Karen Bowerman is an English journalist, television presenter, filmmaker and travel writer who has worked for Sky News, ITV, CNN International and the BBC. Formerly the Consumer Correspondent for BBC 1, and the Business and Consumer Presenter for the BBC News Channel and BBC World, she is now freelance, specialising in travel, consumer stories and personal finance.

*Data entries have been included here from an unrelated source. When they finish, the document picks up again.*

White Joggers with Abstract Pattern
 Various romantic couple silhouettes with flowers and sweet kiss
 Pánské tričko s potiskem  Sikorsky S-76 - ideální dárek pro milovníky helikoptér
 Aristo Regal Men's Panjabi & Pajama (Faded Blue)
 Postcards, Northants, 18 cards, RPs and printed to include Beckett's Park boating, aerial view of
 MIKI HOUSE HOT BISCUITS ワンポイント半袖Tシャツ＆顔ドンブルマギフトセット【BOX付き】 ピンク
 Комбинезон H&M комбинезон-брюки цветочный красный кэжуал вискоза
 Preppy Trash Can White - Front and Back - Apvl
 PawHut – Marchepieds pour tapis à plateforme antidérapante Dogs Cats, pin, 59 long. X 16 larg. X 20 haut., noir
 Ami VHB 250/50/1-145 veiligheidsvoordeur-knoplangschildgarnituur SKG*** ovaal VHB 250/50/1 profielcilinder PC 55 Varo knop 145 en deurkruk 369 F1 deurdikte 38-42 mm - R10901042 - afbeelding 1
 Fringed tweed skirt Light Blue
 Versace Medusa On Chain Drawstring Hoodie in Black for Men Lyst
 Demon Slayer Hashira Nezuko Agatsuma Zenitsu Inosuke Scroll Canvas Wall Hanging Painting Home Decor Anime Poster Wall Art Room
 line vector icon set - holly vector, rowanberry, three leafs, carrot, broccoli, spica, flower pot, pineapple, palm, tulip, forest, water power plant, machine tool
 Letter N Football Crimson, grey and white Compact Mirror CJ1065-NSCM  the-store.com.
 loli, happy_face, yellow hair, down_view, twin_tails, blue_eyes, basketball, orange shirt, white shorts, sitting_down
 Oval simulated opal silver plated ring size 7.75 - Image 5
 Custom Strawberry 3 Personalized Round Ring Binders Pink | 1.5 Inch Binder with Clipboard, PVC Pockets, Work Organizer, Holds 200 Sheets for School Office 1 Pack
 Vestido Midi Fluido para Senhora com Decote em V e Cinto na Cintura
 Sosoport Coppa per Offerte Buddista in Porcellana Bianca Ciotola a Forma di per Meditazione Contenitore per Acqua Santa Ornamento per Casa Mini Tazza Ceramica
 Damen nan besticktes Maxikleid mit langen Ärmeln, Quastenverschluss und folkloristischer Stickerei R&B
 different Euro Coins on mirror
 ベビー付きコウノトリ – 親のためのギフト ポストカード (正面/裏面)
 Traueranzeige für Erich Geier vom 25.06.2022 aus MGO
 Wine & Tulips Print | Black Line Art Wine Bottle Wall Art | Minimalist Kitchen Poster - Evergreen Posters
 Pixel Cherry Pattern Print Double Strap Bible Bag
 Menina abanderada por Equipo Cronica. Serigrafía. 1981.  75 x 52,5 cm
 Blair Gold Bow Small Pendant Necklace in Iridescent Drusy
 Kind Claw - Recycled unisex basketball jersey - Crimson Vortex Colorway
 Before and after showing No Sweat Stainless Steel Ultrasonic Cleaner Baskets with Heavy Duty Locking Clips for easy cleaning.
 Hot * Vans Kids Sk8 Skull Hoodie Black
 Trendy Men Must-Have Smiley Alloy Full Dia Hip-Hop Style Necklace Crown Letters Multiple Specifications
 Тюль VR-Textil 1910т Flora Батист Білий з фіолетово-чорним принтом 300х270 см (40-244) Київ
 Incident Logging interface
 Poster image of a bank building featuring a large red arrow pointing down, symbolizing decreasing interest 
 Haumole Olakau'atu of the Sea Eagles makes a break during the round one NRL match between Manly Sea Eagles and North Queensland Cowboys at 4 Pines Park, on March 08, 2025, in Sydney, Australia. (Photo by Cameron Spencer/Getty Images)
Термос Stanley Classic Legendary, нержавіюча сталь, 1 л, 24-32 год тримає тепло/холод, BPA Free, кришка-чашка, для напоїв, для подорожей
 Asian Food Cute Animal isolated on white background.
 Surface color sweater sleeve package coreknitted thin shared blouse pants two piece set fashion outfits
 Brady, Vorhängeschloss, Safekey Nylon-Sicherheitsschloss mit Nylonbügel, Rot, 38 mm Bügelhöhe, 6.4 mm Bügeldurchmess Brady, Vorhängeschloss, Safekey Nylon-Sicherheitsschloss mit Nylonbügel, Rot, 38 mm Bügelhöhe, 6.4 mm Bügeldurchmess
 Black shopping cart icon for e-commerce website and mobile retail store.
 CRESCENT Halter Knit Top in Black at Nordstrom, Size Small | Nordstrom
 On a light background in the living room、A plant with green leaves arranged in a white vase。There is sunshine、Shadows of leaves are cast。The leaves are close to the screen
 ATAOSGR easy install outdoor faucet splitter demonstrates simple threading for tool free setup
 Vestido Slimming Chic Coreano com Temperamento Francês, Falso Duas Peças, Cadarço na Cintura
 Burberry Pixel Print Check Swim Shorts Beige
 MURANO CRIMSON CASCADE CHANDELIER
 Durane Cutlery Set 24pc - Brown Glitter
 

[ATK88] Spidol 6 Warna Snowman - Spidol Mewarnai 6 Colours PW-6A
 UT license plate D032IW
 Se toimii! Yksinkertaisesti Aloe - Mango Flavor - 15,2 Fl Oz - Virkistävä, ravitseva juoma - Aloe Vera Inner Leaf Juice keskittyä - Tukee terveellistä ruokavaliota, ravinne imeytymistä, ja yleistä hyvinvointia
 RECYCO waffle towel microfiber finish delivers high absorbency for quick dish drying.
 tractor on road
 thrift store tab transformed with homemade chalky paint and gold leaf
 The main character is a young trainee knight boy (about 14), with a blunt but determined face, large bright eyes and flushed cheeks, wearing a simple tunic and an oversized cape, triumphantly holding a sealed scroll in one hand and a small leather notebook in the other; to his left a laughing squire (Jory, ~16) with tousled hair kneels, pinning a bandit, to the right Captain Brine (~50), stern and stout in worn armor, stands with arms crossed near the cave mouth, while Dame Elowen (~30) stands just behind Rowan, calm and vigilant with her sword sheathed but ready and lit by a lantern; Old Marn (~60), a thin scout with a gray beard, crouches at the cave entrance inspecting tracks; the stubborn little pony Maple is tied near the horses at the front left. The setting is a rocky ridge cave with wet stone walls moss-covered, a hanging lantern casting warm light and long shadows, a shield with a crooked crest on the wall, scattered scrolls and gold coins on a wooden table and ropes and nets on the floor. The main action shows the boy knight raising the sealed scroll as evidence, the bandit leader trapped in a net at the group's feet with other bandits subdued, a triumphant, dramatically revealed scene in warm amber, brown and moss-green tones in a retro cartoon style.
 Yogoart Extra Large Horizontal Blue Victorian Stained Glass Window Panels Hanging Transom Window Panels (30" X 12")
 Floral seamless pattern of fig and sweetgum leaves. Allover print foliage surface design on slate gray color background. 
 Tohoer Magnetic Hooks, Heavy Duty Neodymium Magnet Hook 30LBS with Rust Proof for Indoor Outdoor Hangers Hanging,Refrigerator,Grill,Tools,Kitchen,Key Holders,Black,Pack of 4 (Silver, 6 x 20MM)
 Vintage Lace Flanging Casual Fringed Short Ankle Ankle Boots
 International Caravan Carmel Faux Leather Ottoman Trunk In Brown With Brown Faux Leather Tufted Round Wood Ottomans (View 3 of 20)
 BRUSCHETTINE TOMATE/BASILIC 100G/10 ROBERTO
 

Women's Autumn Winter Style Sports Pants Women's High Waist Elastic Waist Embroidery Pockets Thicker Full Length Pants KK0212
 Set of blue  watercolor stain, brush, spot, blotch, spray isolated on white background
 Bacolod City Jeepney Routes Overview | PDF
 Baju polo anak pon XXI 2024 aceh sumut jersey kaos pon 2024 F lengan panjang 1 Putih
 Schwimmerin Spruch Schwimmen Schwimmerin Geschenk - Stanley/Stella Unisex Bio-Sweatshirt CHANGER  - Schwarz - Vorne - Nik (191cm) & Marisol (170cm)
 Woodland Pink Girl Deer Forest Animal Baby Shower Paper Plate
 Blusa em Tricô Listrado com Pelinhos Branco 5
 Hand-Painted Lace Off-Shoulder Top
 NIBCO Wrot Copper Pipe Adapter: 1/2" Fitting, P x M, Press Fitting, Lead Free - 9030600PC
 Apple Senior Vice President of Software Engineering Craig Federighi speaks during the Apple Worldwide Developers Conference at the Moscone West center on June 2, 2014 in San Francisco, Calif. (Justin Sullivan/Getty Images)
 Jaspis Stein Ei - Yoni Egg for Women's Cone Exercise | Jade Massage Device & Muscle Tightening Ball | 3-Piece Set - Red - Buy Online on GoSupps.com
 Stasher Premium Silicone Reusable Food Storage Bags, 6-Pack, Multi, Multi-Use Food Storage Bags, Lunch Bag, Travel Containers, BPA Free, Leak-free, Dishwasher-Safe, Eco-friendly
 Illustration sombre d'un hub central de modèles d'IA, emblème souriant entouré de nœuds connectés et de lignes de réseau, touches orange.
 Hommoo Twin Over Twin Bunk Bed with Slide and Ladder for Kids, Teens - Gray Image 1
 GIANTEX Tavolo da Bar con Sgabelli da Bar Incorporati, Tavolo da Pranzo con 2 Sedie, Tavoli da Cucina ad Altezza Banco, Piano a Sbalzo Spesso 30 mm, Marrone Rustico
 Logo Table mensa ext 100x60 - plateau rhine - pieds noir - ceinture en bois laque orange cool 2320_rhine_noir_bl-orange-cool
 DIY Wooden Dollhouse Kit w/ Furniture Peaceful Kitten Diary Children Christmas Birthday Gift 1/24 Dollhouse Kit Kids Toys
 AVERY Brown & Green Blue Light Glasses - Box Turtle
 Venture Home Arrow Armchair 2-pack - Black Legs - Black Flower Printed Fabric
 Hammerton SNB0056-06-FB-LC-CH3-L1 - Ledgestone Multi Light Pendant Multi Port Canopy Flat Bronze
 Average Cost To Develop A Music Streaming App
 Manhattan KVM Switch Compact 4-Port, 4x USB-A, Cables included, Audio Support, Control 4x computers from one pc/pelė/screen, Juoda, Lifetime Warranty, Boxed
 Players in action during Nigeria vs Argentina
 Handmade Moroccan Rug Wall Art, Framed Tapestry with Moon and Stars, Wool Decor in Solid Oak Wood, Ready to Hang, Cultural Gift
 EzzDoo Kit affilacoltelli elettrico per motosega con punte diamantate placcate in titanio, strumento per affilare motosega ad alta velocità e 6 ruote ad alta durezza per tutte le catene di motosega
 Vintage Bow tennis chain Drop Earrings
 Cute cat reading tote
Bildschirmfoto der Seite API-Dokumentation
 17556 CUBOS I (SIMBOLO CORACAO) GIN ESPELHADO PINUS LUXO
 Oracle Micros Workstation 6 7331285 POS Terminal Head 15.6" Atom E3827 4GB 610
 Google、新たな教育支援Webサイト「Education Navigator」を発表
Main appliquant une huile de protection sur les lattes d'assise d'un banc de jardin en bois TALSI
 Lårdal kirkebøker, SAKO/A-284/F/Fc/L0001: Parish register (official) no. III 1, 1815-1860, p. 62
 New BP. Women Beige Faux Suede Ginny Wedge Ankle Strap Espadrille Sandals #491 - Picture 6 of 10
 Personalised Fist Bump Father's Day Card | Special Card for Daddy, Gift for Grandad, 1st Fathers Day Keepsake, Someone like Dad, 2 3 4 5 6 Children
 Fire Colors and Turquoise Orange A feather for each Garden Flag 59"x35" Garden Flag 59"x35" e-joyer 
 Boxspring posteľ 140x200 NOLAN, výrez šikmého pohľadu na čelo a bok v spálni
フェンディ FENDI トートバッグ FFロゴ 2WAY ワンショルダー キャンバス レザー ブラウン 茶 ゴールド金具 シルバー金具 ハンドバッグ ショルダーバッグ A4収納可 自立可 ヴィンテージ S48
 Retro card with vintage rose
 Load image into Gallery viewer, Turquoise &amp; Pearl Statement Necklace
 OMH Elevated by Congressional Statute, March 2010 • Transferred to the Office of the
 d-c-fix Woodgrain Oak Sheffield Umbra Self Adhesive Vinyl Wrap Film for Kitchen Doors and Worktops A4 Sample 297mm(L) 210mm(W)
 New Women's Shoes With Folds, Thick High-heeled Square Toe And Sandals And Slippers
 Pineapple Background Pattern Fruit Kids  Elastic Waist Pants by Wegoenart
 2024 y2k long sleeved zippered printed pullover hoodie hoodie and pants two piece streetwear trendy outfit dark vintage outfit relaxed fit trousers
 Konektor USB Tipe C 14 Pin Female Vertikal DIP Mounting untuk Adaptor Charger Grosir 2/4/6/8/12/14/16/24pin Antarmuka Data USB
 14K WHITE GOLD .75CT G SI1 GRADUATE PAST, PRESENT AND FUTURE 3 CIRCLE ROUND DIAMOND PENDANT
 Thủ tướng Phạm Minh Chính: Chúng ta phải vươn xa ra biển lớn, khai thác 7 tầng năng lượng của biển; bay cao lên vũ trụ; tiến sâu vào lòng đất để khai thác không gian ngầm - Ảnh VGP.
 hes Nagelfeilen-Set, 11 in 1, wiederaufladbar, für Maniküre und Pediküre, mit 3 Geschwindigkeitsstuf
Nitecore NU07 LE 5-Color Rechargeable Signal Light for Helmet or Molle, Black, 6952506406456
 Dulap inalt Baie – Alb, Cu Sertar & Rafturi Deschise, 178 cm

She is a presenter and film maker for the BBC's Travel Show on BBC 2 and BBC World, works for The Press Association and contributes to the Independent, the Mail on Sunday, the Express, CNN.com and National Geographic Traveller. When not on assignment she is a corporate presenter.

Education
Bowerman was an Academic Scholar at St Hugh's College, Oxford. She has a BA (Hons) and MA in Theology. After her first degree she was offered a place at Wolfson College, Oxford, to study for a PhD in Theology but had to defer for a year to try to secure funding. During this time she began working for a local paper.

Career
After a brief spell in regional newspapers and TV, Bowerman became a BBC News Trainee, passed various law exams for journalists, and went on to report and present for BBC South West, Sky News and CNN International.

BBC News
In 2002 Bowerman was offered a job as the Consumer Correspondent for the BBC News at One, BBC News at Six and the BBC News at Ten where she specialised in undercover filming and special investigations. In 2006, she became the Business & Consumer Presenter for the BBC News Channel while also reporting for BBC Radio 4 & News reading for Radio 5 Live.

Programmes
After establishing herself in News, Bowerman worked as a contributor and presenter for BBC programmes. Stints included Weekend Watchdog, Newsnight, Fast:track (now The Travel Show) on BBC 2 and the Heaven and Earth Show on BBC 1. She presented several series of BBC Northern Ireland's Watchdog, Fair Play, on BBC1, where some of her undercover investigations led to convictions.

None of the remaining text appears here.